Data segment >>
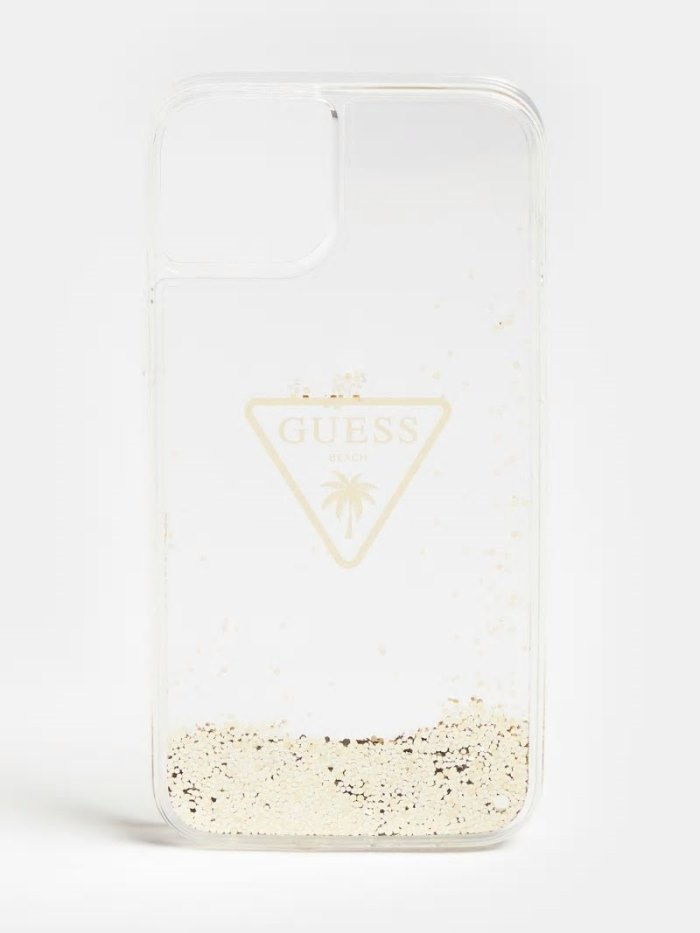 Guess Iphone 14 Plus Glitter Kadın Cover Beyaz | 6NWPMFKD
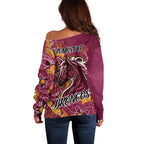 Personalised Broncos NAIDOC Week 2024 Off Shoulder Sweater Aboriginal Fire Burning Sparks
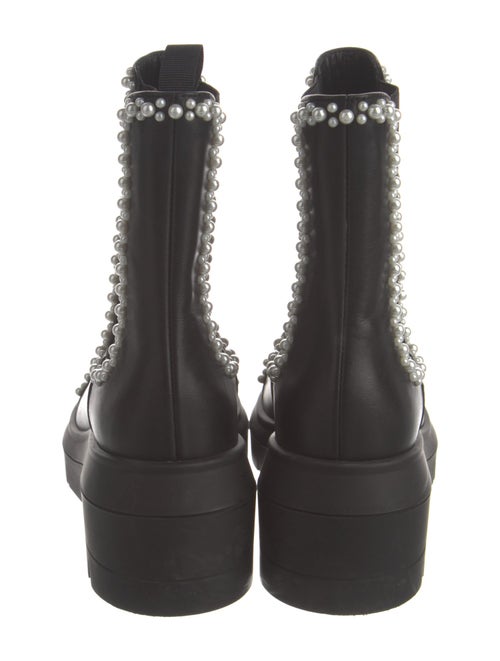 Stuart Weitzman Pearl Accents Leather Chelsea Boots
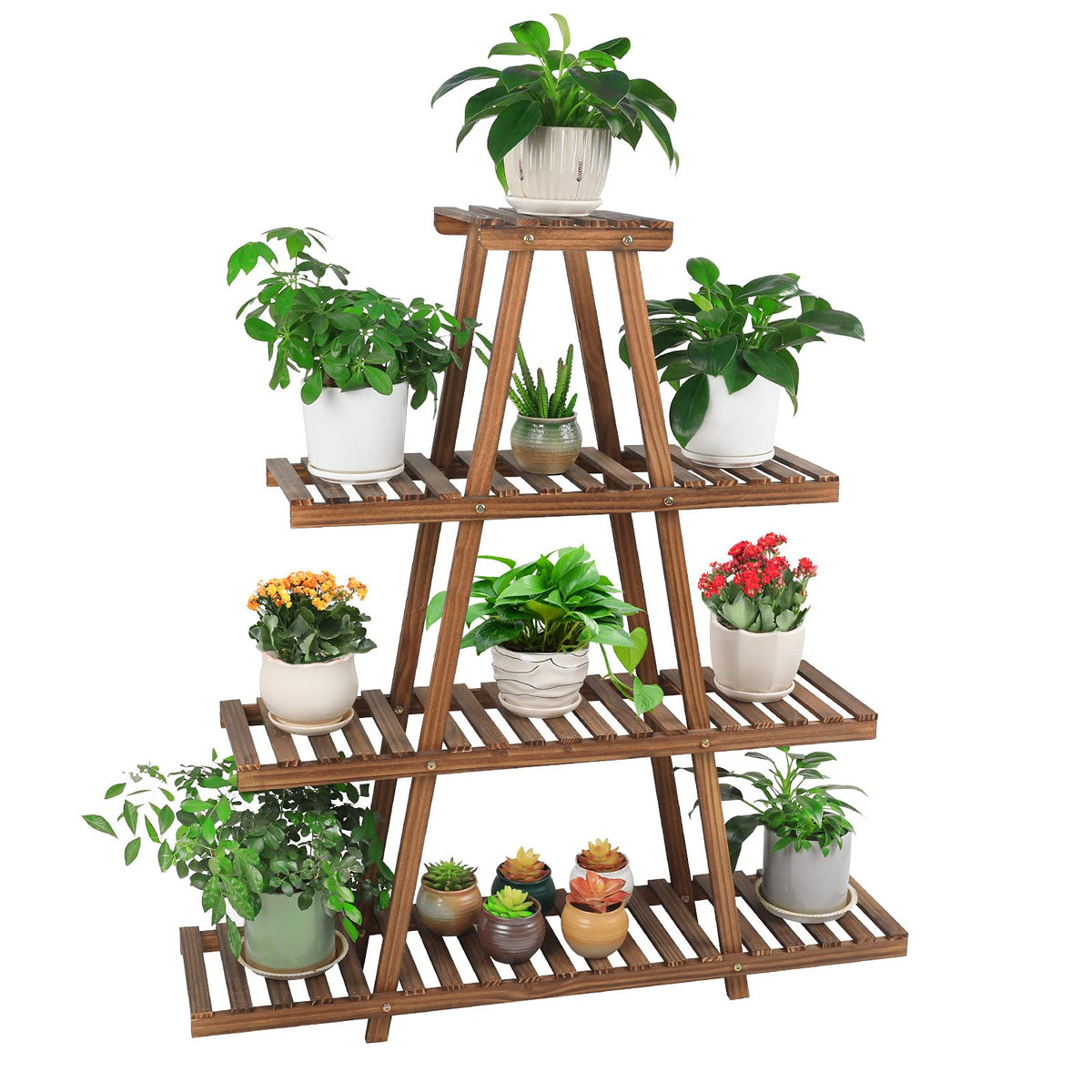 Ufine 4-Tier A-Frame stand side view showing sturdy pine wood design for indoor plants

Exercise prompt >>
Copy out the data verbatim, with no pictures.

Task result >>
 Guess Iphone 14 Plus Glitter Kadın Cover Beyaz | 6NWPMFKD
 Personalised Broncos NAIDOC Week 2024 Off Shoulder Sweater Aboriginal Fire Burning Sparks
 Stuart Weitzman Pearl Accents Leather Chelsea Boots
 Ufine 4-Tier A-Frame stand side view showing sturdy pine wood design for indoor plants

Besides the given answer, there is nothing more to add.